Rocky Mountain National Park is one of 25 most at risk from climate change
Lion Lake No. 1 in Rocky Mountain National Park’s Wild Basin, with Mount Alice and Chiefs Head Peak standing tall in the distance. Photo by Broomfield Enterprise.
In the future, there may be fewer snow-capped peaks to gaze at in Rocky Mountain National Park.
The meadows on the west side of the park may change as the climate warms and dries, making them less hospitable to moose and pine martens, and aspens across the park may disappear along with the plants that call the tundra home.
These are the dire predictions of a report released yesterday by the Rocky Mountain Climate Organization and the Natural Resources Defense Council, which called climate change “the greatest threat ever” to national parks.

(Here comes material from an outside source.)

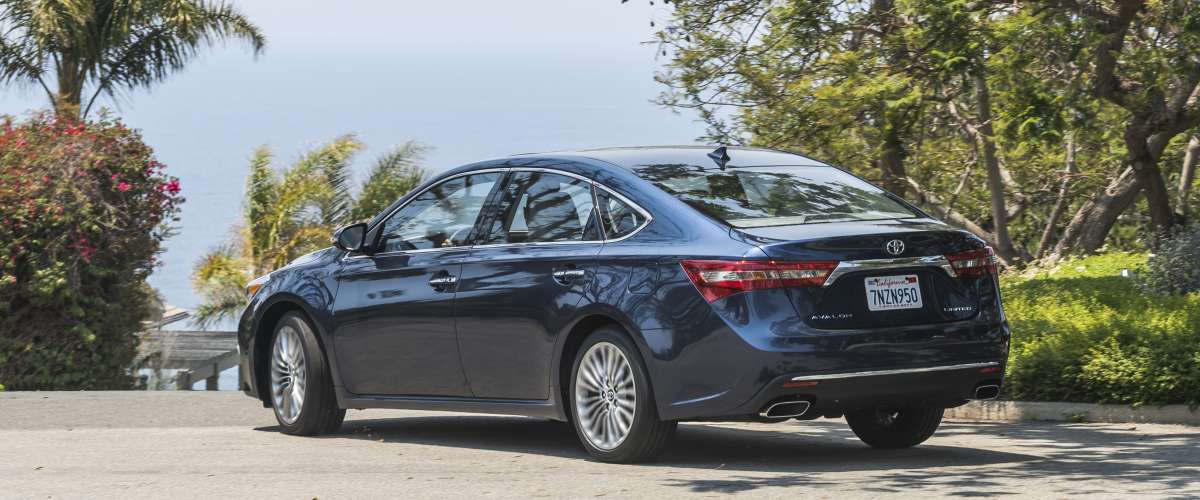 2017 Toyota Avalon Limited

The report, called National Parks in Peril, listed the 25 parks most at risk of climate change and included two in Colorado: RMNP and Mesa Verde.
From the report’s Colorado fact sheet:
Mesa Verde is vulnerable to a loss of water, more downpours and floods, a loss of plant communities, a loss of wildlife, and a loss of cultural resources. Rocky Mountain is vulnerable to a loss of ice and snow, a loss of water, more downpours and floods, a loss of plant communities, a loss of wildlife, more crowding, a loss of fishing, and more air pollution. Other parks in Colorado, including Black Canyon of the Gunnison National Park, Great Sand Dunes National Park and Preserve, and Dinosaur National Monument, face similar vulnerabilities.
Many of these impacts are already happening, as human activities—the emission of heat-trapping gases—are now changing the climate. To preserve our national parks for ourselves and future generations, we need to both stop changing the climate and take actions to preserve the resources and values that make our parks special.